O’Neill may be viewed in fundamentalist Protestant history terms as a liberal, moderate, even traitor or Lundy because he dared to suggest a closer working relationship between the Unionist-dominated Stormont Government and the Irish Republic and especially Leinster House.

But as someone who grew up in O’Neill’s Bannside Stormont constituency and witnessed the launch of Paisleyism as a political movement under the then banner of the Protestant Unionist Party (before it became the DUP in 1971), I have come to view O’Neill as having the gift of political foresight.

O’Neill recognised that while the IRA’s 1956-62 terror campaign had been largely restricted to the border because of the intelligence activities of the B Specials, the IRA in the future would not make the same fundamental tactical blunder.

Next time, reckoned O’Neill, the IRA would try and extend a terror campaign across the whole of Northern Ireland, and even mainland Britain, rather than indulge in a number of amateurish raids across the border counties. Ironically, after O’Neill quit as Northern PM, the latter-day Provisional IRA did exactly what O’Neill had feared.

O’Neill, too, recognised that just as many working class Protestants were living as second class citizens in Northern Ireland as Catholics. Having a voice in the ruling Unionist Party for many years was almost the same as having a voice in Freemasonry – it was by invitation only.

The success of Paisley in the late 1960s and early 1970s was that he gave a political voice to two voiceless sections of the then Protestant community – the loyalist working class and fundamentalist Christians – in a political shotgun marriage.

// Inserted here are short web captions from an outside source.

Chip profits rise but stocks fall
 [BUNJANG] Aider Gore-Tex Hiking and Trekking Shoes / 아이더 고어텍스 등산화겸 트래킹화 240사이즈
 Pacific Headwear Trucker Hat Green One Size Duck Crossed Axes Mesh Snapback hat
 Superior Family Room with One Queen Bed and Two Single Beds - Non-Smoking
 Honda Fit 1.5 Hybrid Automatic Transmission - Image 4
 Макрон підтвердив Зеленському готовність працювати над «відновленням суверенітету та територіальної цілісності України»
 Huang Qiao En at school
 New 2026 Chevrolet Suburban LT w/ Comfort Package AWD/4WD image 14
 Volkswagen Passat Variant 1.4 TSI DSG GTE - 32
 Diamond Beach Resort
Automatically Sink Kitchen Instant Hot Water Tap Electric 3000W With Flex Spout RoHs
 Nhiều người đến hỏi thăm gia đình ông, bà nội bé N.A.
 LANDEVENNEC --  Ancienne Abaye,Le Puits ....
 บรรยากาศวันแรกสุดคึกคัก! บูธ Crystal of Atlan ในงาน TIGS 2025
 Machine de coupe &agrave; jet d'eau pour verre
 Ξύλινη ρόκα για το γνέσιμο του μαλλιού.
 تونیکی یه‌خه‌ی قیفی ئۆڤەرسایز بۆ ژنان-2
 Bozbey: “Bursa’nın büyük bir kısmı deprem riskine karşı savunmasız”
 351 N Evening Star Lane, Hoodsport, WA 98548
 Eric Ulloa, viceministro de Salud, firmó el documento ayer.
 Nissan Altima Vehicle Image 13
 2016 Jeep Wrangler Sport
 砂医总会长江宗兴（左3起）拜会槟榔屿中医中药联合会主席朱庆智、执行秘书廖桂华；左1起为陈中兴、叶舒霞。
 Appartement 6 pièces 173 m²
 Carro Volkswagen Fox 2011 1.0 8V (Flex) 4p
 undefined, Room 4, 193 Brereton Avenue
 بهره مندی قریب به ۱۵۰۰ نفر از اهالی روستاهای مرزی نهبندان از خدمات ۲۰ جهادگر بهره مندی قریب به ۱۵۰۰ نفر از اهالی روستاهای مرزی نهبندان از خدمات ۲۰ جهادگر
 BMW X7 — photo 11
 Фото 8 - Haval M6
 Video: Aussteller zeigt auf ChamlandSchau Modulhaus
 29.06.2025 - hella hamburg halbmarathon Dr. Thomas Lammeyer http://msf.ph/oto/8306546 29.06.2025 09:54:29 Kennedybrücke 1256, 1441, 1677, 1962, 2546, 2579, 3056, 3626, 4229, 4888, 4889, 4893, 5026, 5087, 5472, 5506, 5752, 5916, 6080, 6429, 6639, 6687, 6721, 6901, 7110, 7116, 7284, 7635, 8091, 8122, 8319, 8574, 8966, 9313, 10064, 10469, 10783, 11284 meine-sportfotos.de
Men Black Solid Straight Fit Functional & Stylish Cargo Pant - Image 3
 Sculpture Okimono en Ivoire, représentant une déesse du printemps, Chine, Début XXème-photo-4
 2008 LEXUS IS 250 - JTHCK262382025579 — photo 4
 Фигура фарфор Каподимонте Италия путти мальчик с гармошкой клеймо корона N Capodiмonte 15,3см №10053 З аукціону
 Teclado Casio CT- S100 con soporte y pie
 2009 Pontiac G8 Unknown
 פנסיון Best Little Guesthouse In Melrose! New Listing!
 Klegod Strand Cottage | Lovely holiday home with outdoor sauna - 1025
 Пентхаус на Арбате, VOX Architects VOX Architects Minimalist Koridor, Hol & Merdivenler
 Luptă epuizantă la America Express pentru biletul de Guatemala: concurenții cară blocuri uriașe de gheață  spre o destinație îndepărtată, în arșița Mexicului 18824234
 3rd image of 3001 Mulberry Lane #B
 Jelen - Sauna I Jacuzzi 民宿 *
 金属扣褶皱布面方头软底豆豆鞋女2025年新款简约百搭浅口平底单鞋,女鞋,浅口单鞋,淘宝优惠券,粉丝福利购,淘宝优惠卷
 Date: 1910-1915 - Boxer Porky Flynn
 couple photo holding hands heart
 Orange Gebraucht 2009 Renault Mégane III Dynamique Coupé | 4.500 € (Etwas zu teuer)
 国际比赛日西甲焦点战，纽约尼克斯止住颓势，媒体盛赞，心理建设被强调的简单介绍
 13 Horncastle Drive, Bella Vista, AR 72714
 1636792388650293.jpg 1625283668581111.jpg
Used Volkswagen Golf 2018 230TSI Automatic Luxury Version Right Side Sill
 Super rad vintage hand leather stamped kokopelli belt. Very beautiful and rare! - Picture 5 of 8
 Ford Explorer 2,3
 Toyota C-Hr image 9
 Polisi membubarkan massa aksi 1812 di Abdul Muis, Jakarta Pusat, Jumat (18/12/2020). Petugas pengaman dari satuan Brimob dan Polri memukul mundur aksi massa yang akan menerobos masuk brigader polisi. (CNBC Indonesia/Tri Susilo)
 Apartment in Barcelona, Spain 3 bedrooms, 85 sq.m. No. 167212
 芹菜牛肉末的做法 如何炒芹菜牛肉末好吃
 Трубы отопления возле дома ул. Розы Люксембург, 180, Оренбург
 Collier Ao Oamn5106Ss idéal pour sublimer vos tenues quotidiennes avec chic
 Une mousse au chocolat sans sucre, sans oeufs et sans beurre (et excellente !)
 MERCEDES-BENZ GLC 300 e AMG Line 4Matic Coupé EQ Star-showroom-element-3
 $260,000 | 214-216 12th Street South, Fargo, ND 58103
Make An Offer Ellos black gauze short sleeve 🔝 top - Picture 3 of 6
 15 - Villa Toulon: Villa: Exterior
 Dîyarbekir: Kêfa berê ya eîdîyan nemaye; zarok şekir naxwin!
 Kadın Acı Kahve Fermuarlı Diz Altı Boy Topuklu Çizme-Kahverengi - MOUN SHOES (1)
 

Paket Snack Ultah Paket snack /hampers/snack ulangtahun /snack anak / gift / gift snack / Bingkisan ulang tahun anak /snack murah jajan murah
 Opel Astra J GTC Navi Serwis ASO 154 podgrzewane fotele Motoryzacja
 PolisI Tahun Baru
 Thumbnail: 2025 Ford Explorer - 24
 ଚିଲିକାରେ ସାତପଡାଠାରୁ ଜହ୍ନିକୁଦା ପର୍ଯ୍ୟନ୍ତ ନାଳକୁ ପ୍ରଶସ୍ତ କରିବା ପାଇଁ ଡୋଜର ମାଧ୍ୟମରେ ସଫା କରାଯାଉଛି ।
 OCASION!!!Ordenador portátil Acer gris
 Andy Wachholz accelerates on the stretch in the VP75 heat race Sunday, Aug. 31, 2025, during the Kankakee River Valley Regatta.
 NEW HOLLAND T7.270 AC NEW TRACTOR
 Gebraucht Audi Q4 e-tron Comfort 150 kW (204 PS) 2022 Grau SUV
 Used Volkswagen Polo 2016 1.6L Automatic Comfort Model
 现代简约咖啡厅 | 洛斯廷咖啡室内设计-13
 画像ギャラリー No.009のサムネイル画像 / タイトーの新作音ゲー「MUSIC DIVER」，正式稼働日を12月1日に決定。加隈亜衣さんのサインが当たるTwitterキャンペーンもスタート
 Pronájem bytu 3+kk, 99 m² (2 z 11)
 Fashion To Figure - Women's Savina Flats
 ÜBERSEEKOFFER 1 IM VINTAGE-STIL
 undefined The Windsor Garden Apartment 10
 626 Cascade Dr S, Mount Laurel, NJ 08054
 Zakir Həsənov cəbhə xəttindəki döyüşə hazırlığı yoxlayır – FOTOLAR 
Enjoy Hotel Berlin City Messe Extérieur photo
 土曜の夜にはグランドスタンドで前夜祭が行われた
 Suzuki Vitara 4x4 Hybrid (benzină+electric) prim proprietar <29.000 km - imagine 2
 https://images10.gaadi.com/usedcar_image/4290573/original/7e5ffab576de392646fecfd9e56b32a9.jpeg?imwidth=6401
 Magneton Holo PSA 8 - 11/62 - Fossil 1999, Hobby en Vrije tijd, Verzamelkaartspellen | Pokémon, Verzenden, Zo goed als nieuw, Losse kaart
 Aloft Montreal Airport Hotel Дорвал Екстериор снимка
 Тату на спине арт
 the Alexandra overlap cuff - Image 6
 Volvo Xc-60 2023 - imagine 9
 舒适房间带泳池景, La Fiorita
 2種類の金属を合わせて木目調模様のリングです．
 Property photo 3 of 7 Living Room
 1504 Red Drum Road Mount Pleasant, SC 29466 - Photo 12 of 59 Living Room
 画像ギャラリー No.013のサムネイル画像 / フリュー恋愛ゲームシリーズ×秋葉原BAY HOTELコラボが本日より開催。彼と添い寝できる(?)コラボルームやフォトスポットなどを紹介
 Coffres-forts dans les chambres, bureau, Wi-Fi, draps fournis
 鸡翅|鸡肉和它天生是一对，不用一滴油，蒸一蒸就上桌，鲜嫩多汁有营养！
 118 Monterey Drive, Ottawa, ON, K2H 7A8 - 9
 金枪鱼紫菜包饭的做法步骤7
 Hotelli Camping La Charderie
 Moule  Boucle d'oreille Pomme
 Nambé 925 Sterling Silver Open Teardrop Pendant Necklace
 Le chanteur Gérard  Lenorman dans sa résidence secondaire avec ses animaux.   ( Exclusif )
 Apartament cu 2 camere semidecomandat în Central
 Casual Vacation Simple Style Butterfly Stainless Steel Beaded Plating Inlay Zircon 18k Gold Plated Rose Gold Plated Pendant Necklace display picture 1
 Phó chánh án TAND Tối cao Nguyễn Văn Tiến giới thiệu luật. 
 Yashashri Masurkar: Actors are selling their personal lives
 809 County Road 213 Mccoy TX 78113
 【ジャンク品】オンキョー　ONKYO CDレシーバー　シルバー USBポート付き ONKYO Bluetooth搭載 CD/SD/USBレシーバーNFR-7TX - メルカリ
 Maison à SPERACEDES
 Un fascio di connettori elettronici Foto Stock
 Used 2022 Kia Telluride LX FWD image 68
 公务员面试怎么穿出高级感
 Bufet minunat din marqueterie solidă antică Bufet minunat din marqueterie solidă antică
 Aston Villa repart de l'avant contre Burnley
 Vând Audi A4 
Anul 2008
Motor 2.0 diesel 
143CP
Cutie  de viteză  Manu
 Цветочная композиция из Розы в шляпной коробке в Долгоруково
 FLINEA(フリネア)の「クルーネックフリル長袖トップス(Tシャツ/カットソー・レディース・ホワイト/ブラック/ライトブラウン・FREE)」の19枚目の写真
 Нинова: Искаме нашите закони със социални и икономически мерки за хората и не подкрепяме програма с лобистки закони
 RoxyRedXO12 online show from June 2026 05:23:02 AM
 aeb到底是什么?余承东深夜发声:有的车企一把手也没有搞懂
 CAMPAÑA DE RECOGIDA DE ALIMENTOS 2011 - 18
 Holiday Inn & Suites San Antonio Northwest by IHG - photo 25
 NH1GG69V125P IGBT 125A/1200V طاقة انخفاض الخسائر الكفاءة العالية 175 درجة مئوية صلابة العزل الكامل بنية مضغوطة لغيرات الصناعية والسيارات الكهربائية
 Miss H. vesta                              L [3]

Practically, across the North Antrim Westminster constituency in the late Sixties were quite a few council housing estates where the slop bucket still existed. Paisley’s success was that be got many of these homes their own inside toilets, confining decades of emptying the daily slop bucket to history.

So why should DUP2018 adopt the approach of UUP1968? With one Sinn Fein MP muttering about “a feeling of civil disobedience”, and with Brexit about to crash in during March 2019, Northern Ireland needs to radically address its relationship with the Irish Republic.

Okay, O’Neill wanted to negotiate a new relationship with ‘Ye Auld Foe’ in the South to fend off a future IRA blitz and to placate the needs of the Protestant and Catholic working classes in case Paris-style student uprisings sprung up in working class districts across Northern Ireland.

The DUP needs to bring the Republic into the Brexit equation to lay the foundations as to whether that relationship will become either a united Ireland or a united island – there is a major difference between the two and the implementation of a soft or hard border after March 2019 will eventually dictate the outcome.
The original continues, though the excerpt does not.